6. Advances, Benchmark Extensions, and Future Directions

ARC-AGI-2 introduces a calibrated suite with greater compositional depth; task difficulty is tuned to human performance, with the top AI models as of 2025 scoring under 5%, and humans at ≈75% average (Chollet et al., 17 May 2025). Machine–human performance gaps remain vast, particularly in multi-step and compositional reasoning.
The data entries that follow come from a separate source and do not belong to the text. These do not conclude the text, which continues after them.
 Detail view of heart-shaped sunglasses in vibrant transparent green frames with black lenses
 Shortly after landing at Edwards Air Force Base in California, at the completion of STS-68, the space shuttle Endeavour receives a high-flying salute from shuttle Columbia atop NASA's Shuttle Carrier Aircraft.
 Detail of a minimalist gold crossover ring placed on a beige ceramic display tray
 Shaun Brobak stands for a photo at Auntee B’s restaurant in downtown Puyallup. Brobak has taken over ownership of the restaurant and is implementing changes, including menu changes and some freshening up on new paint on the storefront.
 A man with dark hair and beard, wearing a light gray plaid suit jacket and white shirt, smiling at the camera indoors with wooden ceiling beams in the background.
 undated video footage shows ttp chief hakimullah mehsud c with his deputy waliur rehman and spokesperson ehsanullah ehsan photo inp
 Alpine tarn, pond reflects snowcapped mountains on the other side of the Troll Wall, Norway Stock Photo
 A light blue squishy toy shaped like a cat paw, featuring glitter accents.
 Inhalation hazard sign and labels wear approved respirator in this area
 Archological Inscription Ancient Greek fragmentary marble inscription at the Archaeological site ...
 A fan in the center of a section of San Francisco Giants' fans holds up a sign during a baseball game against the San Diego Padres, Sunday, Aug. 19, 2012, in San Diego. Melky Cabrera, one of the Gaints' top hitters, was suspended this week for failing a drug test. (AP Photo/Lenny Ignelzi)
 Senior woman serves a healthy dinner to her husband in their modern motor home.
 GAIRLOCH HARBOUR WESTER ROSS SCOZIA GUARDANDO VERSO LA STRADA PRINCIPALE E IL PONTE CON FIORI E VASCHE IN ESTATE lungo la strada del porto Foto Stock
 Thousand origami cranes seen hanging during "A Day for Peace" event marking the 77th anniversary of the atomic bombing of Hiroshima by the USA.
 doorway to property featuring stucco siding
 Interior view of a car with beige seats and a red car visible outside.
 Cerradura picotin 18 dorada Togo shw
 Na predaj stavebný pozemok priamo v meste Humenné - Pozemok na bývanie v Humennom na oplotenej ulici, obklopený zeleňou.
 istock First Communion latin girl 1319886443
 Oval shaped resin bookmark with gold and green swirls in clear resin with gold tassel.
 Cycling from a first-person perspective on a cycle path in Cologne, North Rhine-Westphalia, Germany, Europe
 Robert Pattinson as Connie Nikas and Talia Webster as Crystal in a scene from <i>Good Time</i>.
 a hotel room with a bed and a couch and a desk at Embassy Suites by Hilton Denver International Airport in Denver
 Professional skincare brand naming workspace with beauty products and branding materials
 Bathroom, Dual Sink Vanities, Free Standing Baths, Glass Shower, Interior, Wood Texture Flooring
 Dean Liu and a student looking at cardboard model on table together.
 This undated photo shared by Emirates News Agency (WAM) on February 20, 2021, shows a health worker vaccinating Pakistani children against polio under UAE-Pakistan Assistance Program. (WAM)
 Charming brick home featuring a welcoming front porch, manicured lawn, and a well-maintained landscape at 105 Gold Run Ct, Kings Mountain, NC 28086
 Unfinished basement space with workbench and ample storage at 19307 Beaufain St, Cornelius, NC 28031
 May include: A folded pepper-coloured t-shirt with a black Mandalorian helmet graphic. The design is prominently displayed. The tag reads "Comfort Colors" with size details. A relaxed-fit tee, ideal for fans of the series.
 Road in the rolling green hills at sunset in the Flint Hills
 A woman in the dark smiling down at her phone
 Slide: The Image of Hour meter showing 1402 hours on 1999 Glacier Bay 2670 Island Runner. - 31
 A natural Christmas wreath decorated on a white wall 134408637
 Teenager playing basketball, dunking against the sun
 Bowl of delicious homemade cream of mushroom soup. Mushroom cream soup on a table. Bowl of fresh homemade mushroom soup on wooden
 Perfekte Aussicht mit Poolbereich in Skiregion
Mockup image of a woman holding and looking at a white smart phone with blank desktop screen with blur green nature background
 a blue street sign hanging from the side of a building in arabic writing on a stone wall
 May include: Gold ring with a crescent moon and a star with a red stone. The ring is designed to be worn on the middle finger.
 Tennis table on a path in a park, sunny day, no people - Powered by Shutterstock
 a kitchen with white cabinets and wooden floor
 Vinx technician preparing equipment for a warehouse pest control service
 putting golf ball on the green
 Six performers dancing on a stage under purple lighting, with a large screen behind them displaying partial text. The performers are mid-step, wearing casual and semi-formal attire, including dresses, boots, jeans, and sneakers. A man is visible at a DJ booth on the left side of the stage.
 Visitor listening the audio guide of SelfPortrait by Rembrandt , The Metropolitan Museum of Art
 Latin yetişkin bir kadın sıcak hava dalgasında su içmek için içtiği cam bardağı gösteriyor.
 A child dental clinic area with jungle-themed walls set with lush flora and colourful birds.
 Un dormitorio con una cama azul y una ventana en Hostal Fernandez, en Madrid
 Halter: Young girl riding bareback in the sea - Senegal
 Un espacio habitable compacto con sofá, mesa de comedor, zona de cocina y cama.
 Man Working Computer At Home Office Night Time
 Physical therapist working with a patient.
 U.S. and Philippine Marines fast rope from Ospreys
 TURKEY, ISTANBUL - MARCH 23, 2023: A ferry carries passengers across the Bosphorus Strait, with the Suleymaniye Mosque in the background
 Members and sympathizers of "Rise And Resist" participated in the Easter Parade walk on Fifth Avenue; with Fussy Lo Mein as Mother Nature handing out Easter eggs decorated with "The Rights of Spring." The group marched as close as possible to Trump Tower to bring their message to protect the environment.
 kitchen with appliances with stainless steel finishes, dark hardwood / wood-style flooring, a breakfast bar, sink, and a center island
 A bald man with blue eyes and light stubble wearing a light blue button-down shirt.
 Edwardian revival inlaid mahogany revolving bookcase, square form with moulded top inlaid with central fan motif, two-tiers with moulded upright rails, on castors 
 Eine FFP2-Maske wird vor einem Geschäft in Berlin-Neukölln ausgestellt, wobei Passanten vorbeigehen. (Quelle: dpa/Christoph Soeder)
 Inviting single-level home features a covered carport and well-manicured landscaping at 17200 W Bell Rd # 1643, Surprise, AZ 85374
Methodological directions highlighted for future progress:

Retrieval-augmented reasoning and memory utilization (for continual learning and faster adaptation) (Min, 2023, Zhang et al., 19 Nov 2025).
Unified vision-language architectures, with strategic modality routing (e.g., Vision-Language Synergy Reasoning and Modality-Switch Self-Correction), shown to yield incremental but systematic performance improvements (Zhang et al., 19 Nov 2025).
Learning structure via Unsupervised MDL or information-theoretic approaches rather than heavy pretraining (Liao et al., 5 Dec 2025).
Integration of fast, local System 1–style heuristics with slow, compositional System 2 program synthesis in hybrid neurosymbolic architectures (Joffe et al., 11 Nov 2025).
Expanding DSLs and planning models to support unbounded looping, recursion, higher-order primitive induction, and context-sensitive rule extraction (Rocha et al., 10 May 2024, Lei et al., 15 Jan 2024).

Significant open challenges persist: robust abstraction discovery, representation selection, scalable test-time adaptation, efficient exploration of DSLs, and closing the systematic generalization gap to humans. ARC-AGI and its successors provide a stringent, continually relevant benchmark for evaluating progress toward genuine artificial general intelligence.